Berangkat dari hal-hal di atas, sedikitnya terdapat empat butir yang menurut hemat saya perlu dijalankan. Pertama, "ikat" para pemimpin K/L dengan kontrak kinerja-terlepas akan ada kocok ulang atau tidak-agar manakala di kemudian hari ada perubahan, semua pihak bisa memiliki acuan sama. Kontrak kinerja dijabarkan menjadi program-program K/L dengan ukuran jelas dan terukur. Penjabarannya, ada baiknya, per tahun. Sebagai permulaan, milestone evaluasi paling dekat terpenting adalah Desember 2015. Pasalnya, pada titik itu, bilamana ditemukan ketidaksesuaian atau penyimpangan, segera dapat dilakukan pembenahan. Jadi, jabarkan dulu hingga Desember 2015; baru menyusul yang sampai Desember 2016, Desember 2017, dan seterusnya. Berdasarkan prioritas-prioritas inilah aspek perencanaan mengikutinya.

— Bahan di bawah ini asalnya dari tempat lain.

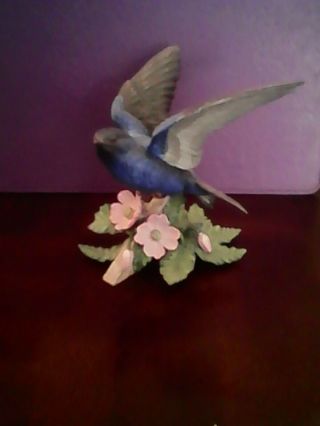 Lenox 1994 Purple Martin Fine Porcelain Bird Figurine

Kedua, tunjuk satu lembaga untuk mengawalnya. Namanya boleh apa saja. Karena merupakan unit-independen-di- dalam-pemerintahan yang memberi masukan kepada presiden, ia harus obyektif, pantang terbelit kepentingan apa pun, baik politik maupun lainnya. Kerjanya bukan semata "kerja konvensional" monitoring-evaluasi-melapor (kepada presiden), tetapi yang jauh lebih penting adalah melakukan perbantuan (consulting), pembenahan, serta penguraian sumbatan terhadap K/L bahkan daerah.

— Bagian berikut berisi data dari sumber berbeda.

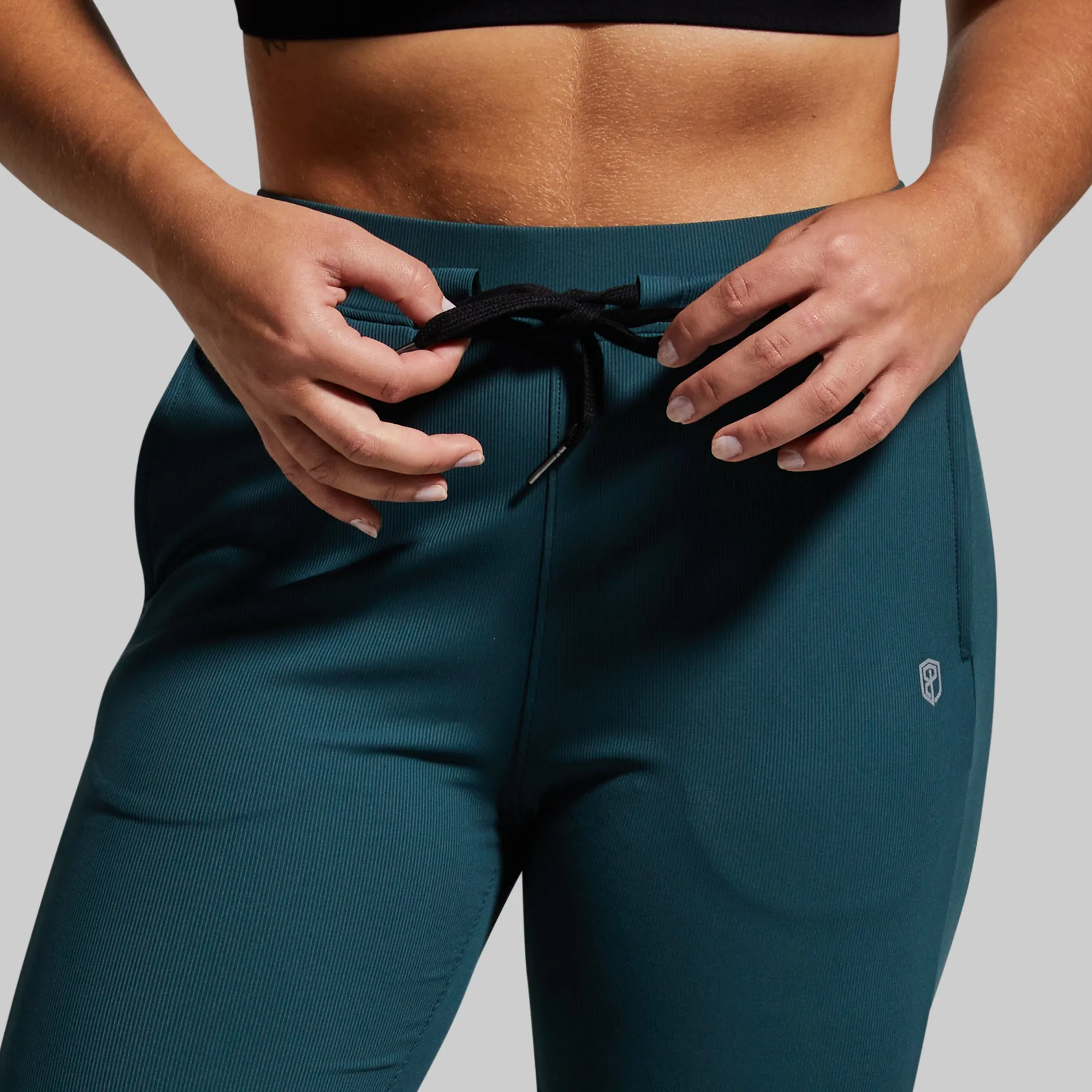 Women's Recovery Jogger (Deep Teal) sold by Born Primitive product image thumbnail 4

Ketiga, (pemimpin) K/L harus meningkatkan kemampuannya dalam menyampaikan sinyal-sinyal positif lebih dari sekadar kebutuhan untuk berkomunikasi. Contoh: bagaimana kita memberikan sinyal terkait sebuah produk keputusan presiden yang keliru atau sinyal terkait peneraan nomenklatur kelembagaan yang kurang tepat. Alih-alih problem teknis, hal ini sebetulnya merupakan problem mendasar organisasi, yakni penguasaan komunikasi dan psikologi massa. Keempat, perkuat sistem aduan rakyat yang sudah eksis itu, yakni LAPOR! (Layanan Aspirasi dan Pengaduan Online Rakyat), dalam hal kecepatan respons dan tindak lanjutnya. Pengelola LAPOR! harus punya kemampuan melakukan penguatan kepada K/L/ daerah agar terus memperbaiki kinerja.

Kesemua empat butir itu memiliki arti penting bagi rakyat. Rakyat menjadi melek bahwa pemerintahnya tak absen. Pemerintahnya ada dan bekerja.